E or G is the point of attachment to the hidden device and can be moved away from D/F. (This operates over a fixed distance rather than a fixed angle?)
So if you increase the distance FG then G moves further for any given rotation about F, or equally, it moves the same distance for a smaller rotation.
The long arm GH moves through the the same angle as FG. So if the rotation is reduced, the stroke of the piston is reduced,
since stroke ∝ (angle of rotation) approximately.

Using your first diagram I just lengthen FG. It doesn't much matter where you rigidly attach GH to FG, because the distance from the pivot F to the piston attachment H is the important measurement.

I don't understand the bit about smaller diameter rod at D(F) and E(G)? The size of side arm FGH and the diameter of any axle or pivot rods through D/F and E/G would seem to be determined by strength requirements and so not open to negotiation - unless you can also find a cheaper way of providing the same strength.

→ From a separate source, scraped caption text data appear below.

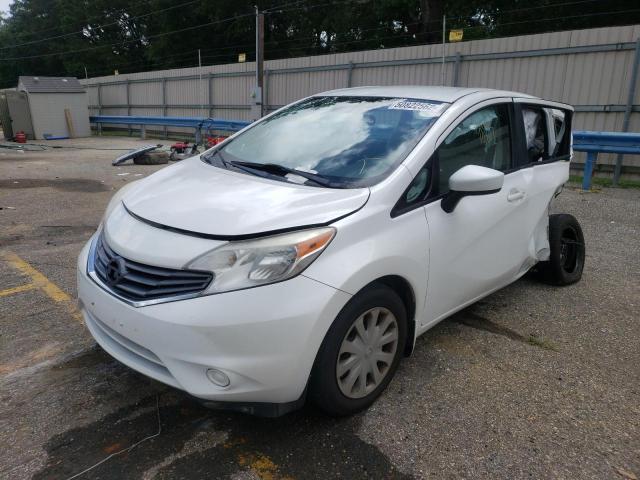 Photo 2 from auction – 2015 NISSAN VERSA NOTE with VIN 3N1CE2CPXFL355727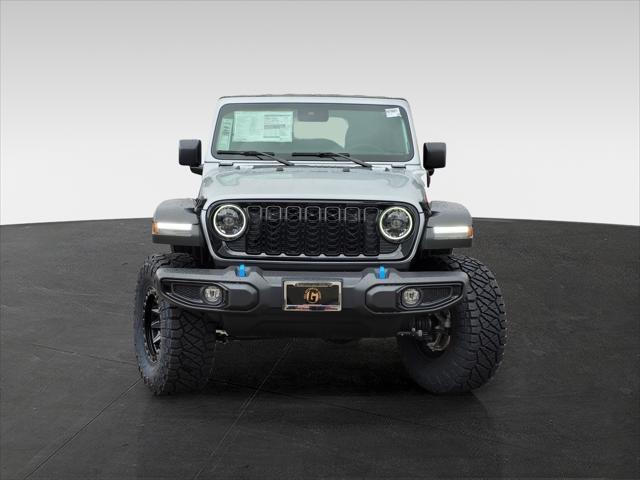 new 2024 Jeep Wrangler 4xe car, priced at $51,535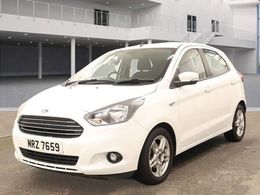 Ford Ka Plus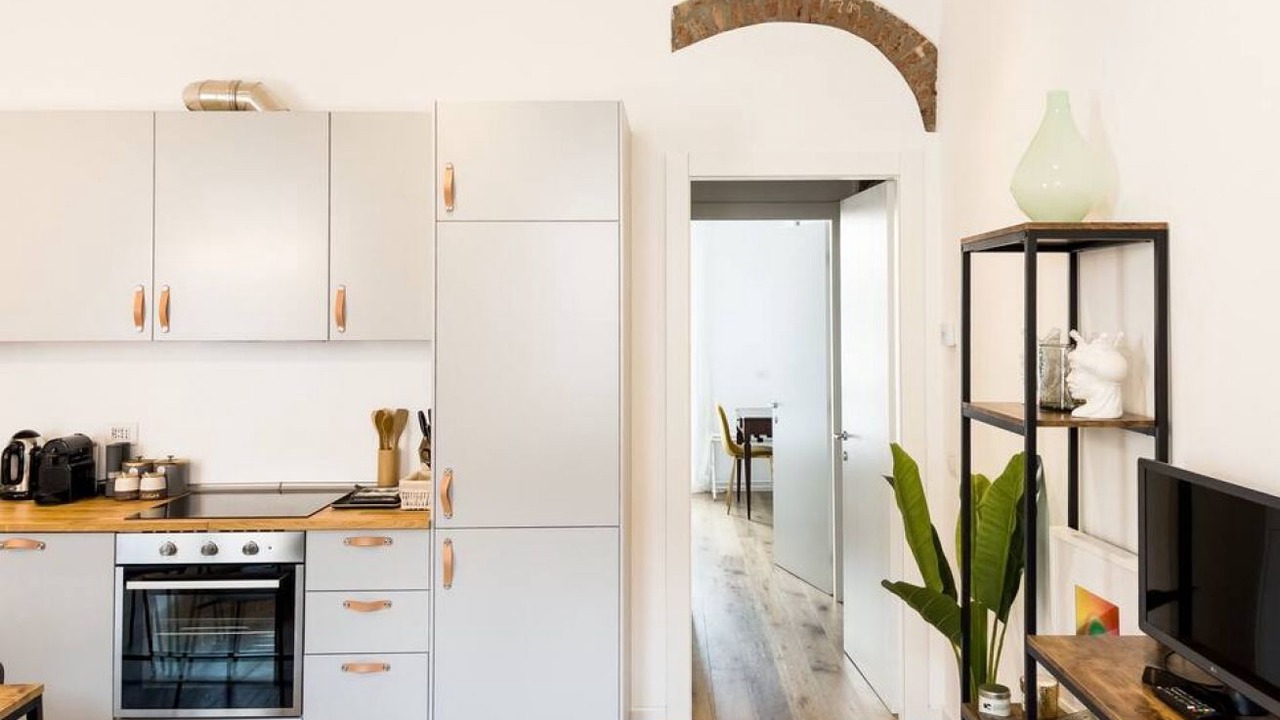 Photo of Kitchen in Lazzaretto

I can well understand that F (D) is fixed, but I don't understand "its max"? I assume there is a fixed point here because it is the hinge or pivot for whatever opens internally. I assume that is also used as the pivot for the external lever because it is convenient and avoids providing another strong anchor point.

The big question for me is still, how G operates the internal bit. If the internal bit is hinged at F and G simply pushes up on it to make it rotate, then moving G will not help. It will simply have to move further to cause the same opening angle. Effectively the load requirement would not be a simple linear motion, but a rotation of G about F, by so many degrees. Changing the FG arm length will not alter this angle, nor therefore the GH angle and the piston stroke. If this is the case then I think you would have to add another pivot somewhere in your solution.

I'm not sure my suggestions from a position of very incomplete knowledge are helping. Much as I'm enjoying juggling my ideas around here, I think I'll leave you to it for a while. I had thought by now some of the clever guys would have arrived. Perhaps if I shut up for a bit they might come in. I'll keep watching the thread and make any comments I can about whatever you come up with. Good luck with your project.

15. Aug 3, 2016

### omarmorocci

The rods I was talking about ( going through D and E ) were not chosen based on calculations but based on avaibility at the time , hence I say that maybe smaller bars can be used.

You cleared up so much .
Thank you for all your help, it was much appreciated.